Prevention of sudden death in heart failure with reduced ejection fraction: do we still need an implantable cardioverter-defibrillator for primary prevention?

机构信息

Faculty of Medicine, Kasr Al Ainy, Cardiology Department, Cairo University, Cairo, Egypt.

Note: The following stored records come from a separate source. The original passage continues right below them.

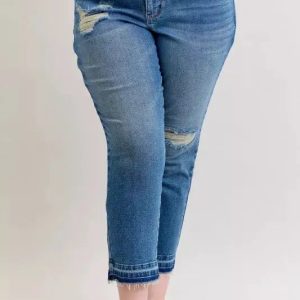 Judy Blue Full Size Mid Rise Bf Patch & Repair Destroy Release Hem Jeans Plus Size - Image 8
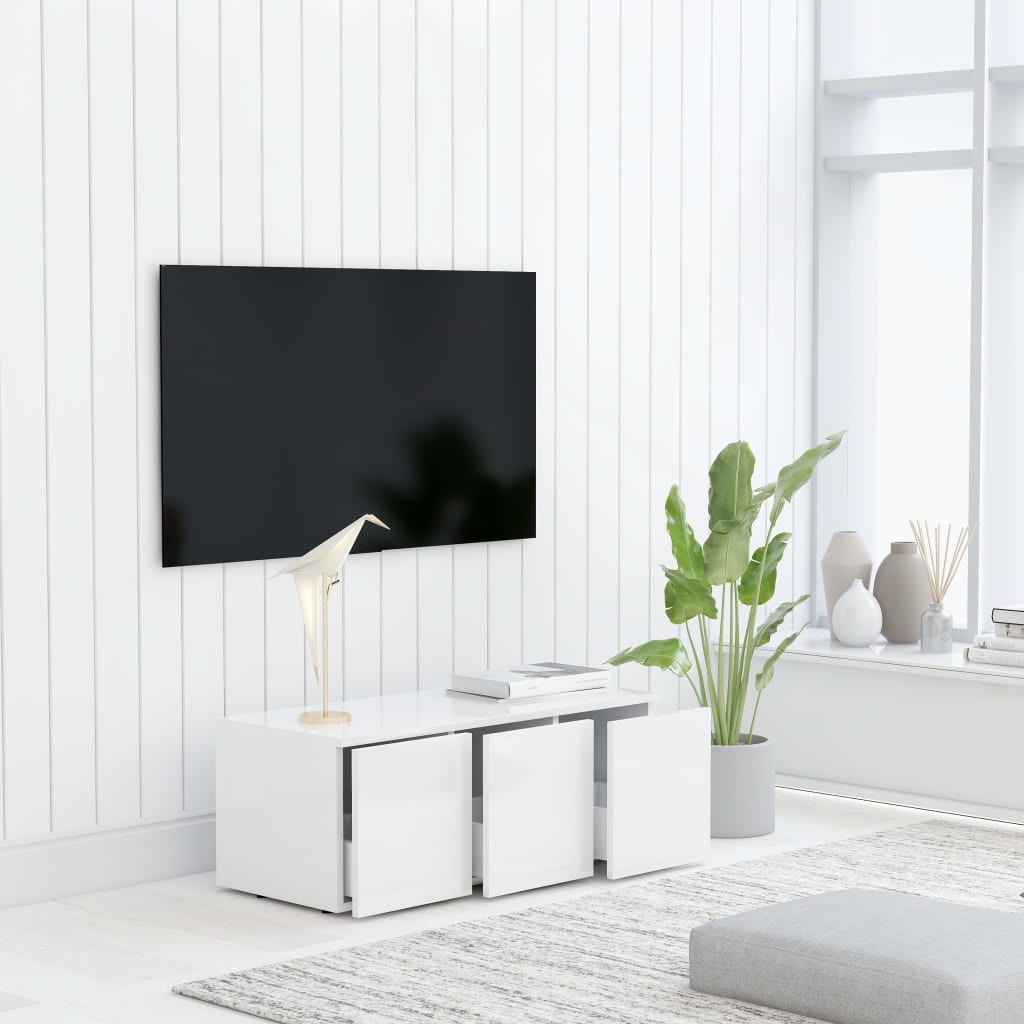 Tv-bänk vit 80x34x30 cm konstruerat trä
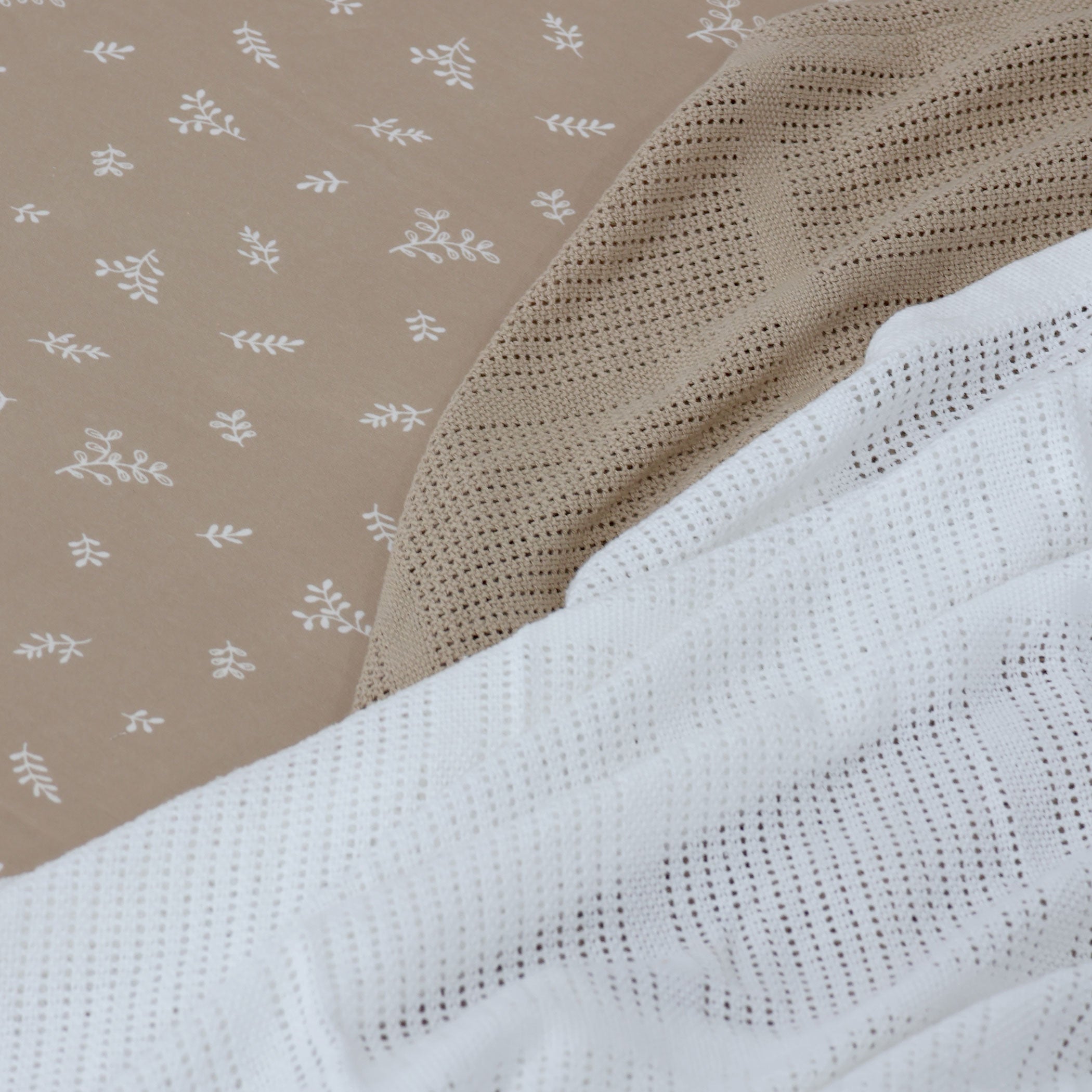 Organic Cotton 2-Pack Baby Cellular Blankets - Breathable & Soft for Newborns & Toddlers - Perfect for Nursery, Stroller & Car Seat - Chestnut Brown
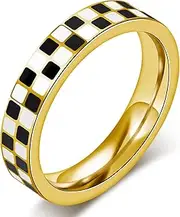 [AmorArtSky] Checkered Couple Rings Set (2-Piece),18K Gold Plated Stainless Steel,6mm and 4.5mm Black White Geometric Matching Wedding Bands for Women and Men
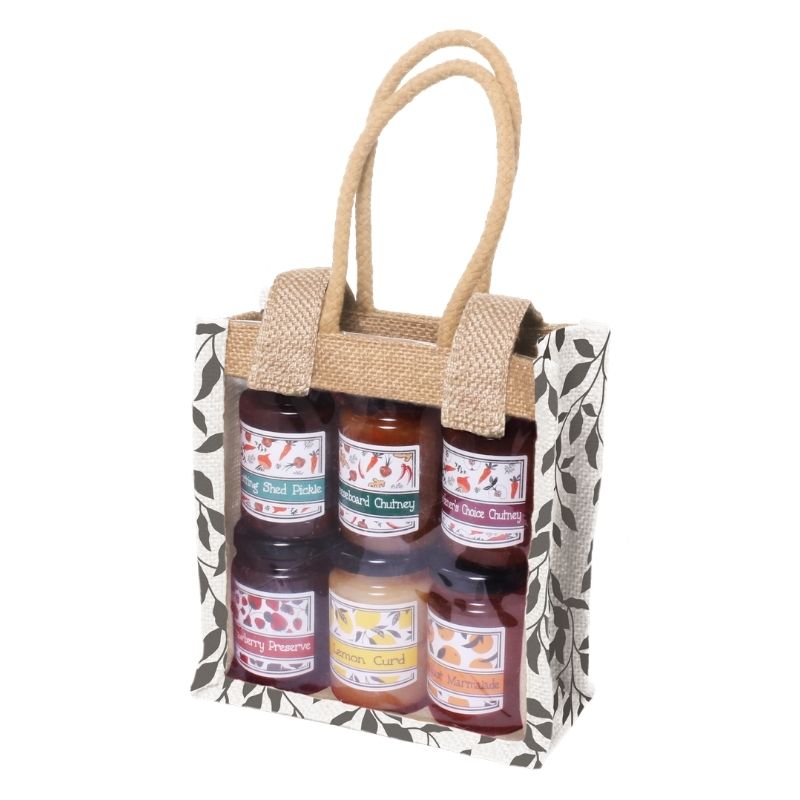 Bramble Foods Mini Preserves & Chutneys Jute Gift Bag 6 Pack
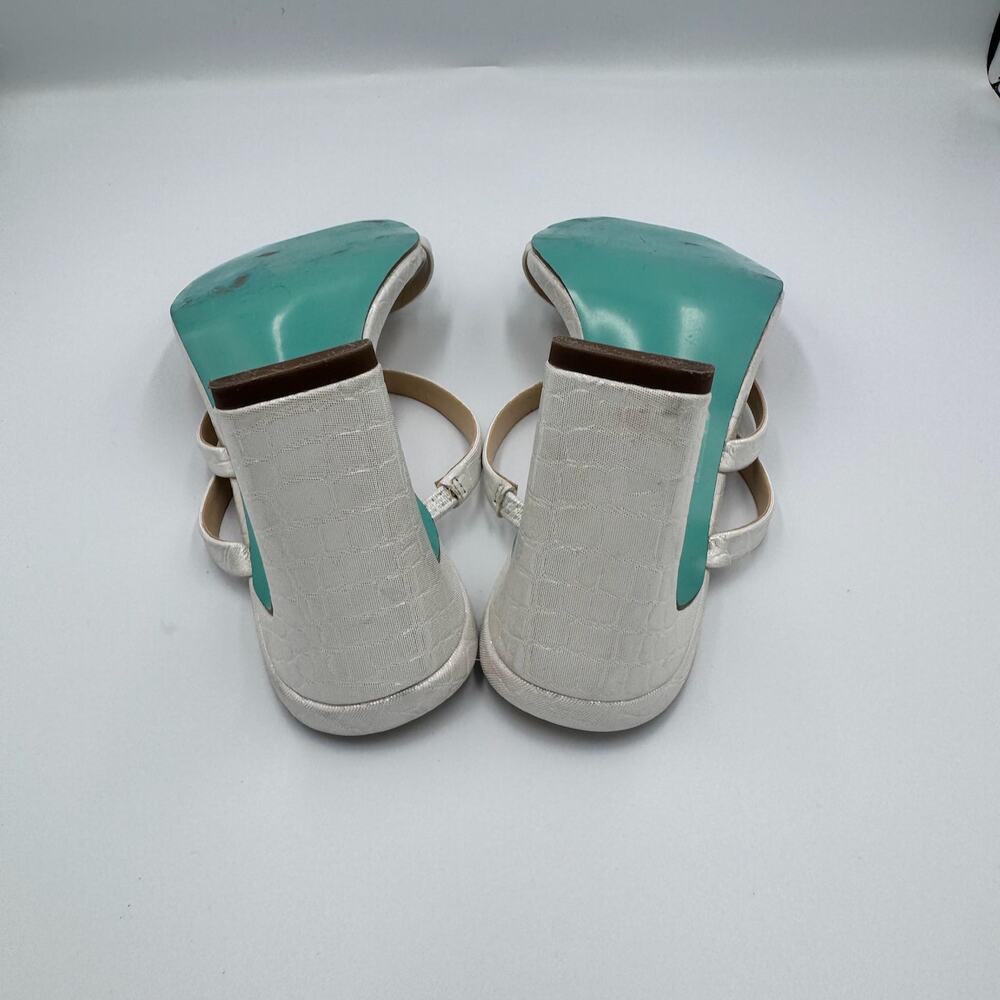 Betsey Johnson Anya Heels 8 White Croc Mule Sandals Bridal Y2K Heels Shoes Y2K - Picture 11 of 16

St George's Hospitals, NHS Trust, University of London, London, UK.

出版信息

Eur J Heart Fail. 2022 Sep;24(9):1460-1466. doi: 10.1002/ejhf.2594. Epub 2022 Jul 16.

DOI:10.1002/ejhf.2594
PMID:35753058
Abstract

Sudden death is a devastating complication of heart failure (HF). Current guidelines recommend an implantable cardioverter-defibrillator (ICD) for prevention of sudden death in patients with HF and reduced ejection fraction (HFrEF) specifically those with a left ventricular ejection fraction ≤35% after at least 3 months of optimized HF treatment. The benefit of ICD in patients with symptomatic HFrEF caused by coronary artery disease has been well documented; however, the evidence for a benefit of prophylactic ICD implantation in patients with HFrEF of non-ischaemic aetiology is less strong. Angiotensin-converting enzyme inhibitors or angiotensin receptor blockers, beta-blockers (BB), and mineralocorticoid receptor antagonists (MRA) block the deleterious actions of angiotensin II, norepinephrine, and aldosterone, respectively. Neprilysin inhibition potentiates the actions of endogenous natriuretic peptides that mitigate adverse ventricular remodelling. BB, MRA, angiotensin receptor-neprilysin inhibitor (ARNI) have a favourable effect on reduction of sudden cardiac death in HFrEF. Recent data suggest a beneficial effect of sodium-glucose cotransporter 2 inhibitors (SGLT2i) in reducing serious ventricular arrhythmias and sudden cardiac death in patients with HFrEF. So, in the current era of new drugs for HFrEF and with the optimal use of disease-modifying therapies (BB, MRA, ARNI and SGLT2i), we might need to reconsider the need and timing for use of ICD as primary prevention of sudden death, especially in HF of non-ischaemic aetiology.

摘要

猝死是心力衰竭(HF)的一种严重并发症。目前的指南建议在心力衰竭和射血分数降低(HFrEF)患者中使用植入式心脏复律除颤器(ICD)预防猝死,特别是那些在经过至少 3 个月的优化 HF 治疗后左心室射血分数≤35%的患者。ICD 在冠心病引起的有症状 HFrEF 患者中的益处已得到充分证明;然而,对于非缺血性病因的 HFrEF 患者预防性 ICD 植入的益处证据较弱。血管紧张素转换酶抑制剂或血管紧张素受体阻滞剂、β受体阻滞剂(BB)和盐皮质激素受体拮抗剂(MRA)分别阻断血管紧张素 II、去甲肾上腺素和醛固酮的有害作用。肾素抑制剂增强内源性利钠肽的作用,减轻不良心室重构。BB、MRA、血管紧张素受体-肾素抑制剂(ARNI)对减少 HFrEF 中的心脏性猝死有有利影响。最近的数据表明,钠-葡萄糖共转运蛋白 2 抑制剂(SGLT2i)在减少 HFrEF 患者严重室性心律失常和心脏性猝死方面有有益作用。因此,在当前 HFrEF 新药时代,以及最佳使用疾病修正治疗(BB、MRA、ARNI 和 SGLT2i)的情况下,我们可能需要重新考虑使用 ICD 作为预防猝死的主要手段的必要性和时机,特别是对于非缺血性病因的心力衰竭。